With therapy for children through seniors, Carlock says it was important for Mosaic to have therapists who not only reflected the variety of needs of locals but focused on community connection and advocacy.
“It’s such a deeply personal relationship of what you’re trying to look for in a therapist — what you’re trying to get out of that therapeutic relationship and how you take that into the rest of your life,” she said. “The goodness of fit is so important.”
Besides talk therapy, Mosaic features art therapy, dance therapy, therapy in Spanish and clinicians from a variety of backgrounds — something Carlock says ensures care remains culturally-sensitive and responsive.

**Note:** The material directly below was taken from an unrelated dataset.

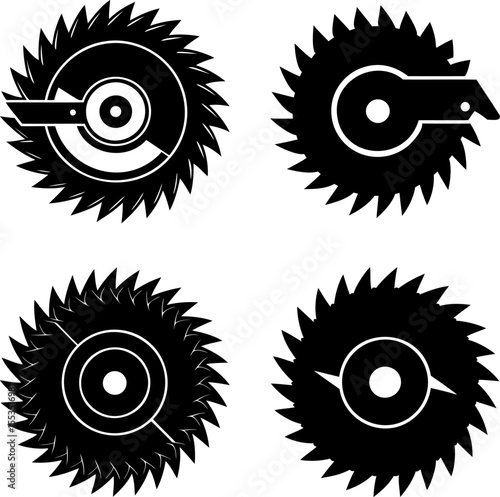 Set of four abstract black and white saw blade illustrations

“The intention is to try to have a diverse team, not only in how people are trained and how they treat people [but] so we can meet people where they’re at,” she said. “I say that with a lot of humility because that’s a big statement.”

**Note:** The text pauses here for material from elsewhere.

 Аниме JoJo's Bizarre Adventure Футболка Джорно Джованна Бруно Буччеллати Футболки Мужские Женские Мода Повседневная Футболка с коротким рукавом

If people reach out to Mosaic and the practice ends up not being the right fit due to niche clinical need or insurance factors, Carlock says they will keep communication open and refer individuals within contact networks to find that ideal therapist.

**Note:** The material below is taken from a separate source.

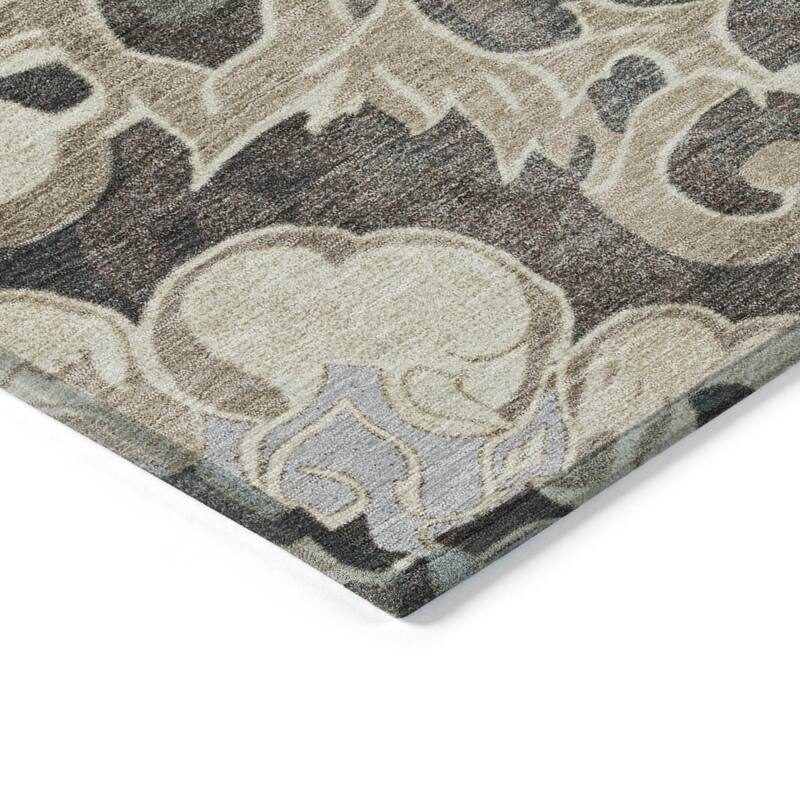 HomeRoots Damask Traditional Rectangle Outdoor Rug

“Even if Mosaic isn’t the right door, we will help you get to the right place,” she said.
Five years in, Mosaic has now expanded to seven suburban locations — three in Oak Park (Arts District, Downtown and new this spring, the Hemingway District); Elmhurst, Glen Ellyn, Hinsdale and Orland Park. Mosaic employs nearly 100 therapists, two psychiatrists and four psychiatric nurse practitioners.
“Growing very quickly wasn’t the strategic plan, but we have an integrated, high-quality client experience which I think propelled our growth,” Carlock said. “I am very proud, grateful and humbled by the growth.”
Carlock adds that in recent years, it has been “remarkable” to see society shifting toward more publicly addressing the importance of mental health care — and not just in times of crisis. While she says therapy may carry a stigma, she emphasizes taking the first step of reaching out for care is brave.
“There is no health without mental health,” she said. “We don’t have to suffer and white-knuckle it; we can give ourselves coping skills, support and credit for being brave enough to allow ourselves to get help. Therapy is not just heavy and sad — it can also be inspiring, hopeful and even fun.”
Carey is grateful people throughout Oak Park are seemingly proud in helping change the narrative around mental health.
“Oak Park is really pretty special in the reduction of stigma,” she said. “Honestly, people are proud to have a therapist. I don’t always see the same mental wellness-forward attitude in all the communities we serve.”
She appreciates that teens have greatly helped change the narrative as well.
“Many of my kids’ friends say, ‘I want a therapist,’ or ‘Why would I suffer without support?’” she said. “It’s prevention. It’s wellness. I feel really inspired by what is so different now with young people than when I was growing up.”
Outside of Mosaic, Carlock remains active at the state level. Last year, she testified in favor of Illinois House Bill 1085, a landmark behavioral health care and mental health parity law. The bill, which passed the Illinois General Assembly and was signed into law in December, aims to strengthen mental health and substance use disorder care by requiring state-regulated private insurers to offer better reimbursement rates for behavioral health services. Effective next January, it mandates 60-day credentialing for providers, aiming to expand network access for roughly 2.5 million Illinoisans.
Fundamentally, Carlock says therapy is serious work, but at Mosaic, is something she aims to showcase as essential — and possible — for healing.
“It’s incredible work and is such a privilege and responsibility,” she said. “It’s what I was intended to do, and I’m glad I listened to that voice about my community needing this. I believe in therapy because it works.”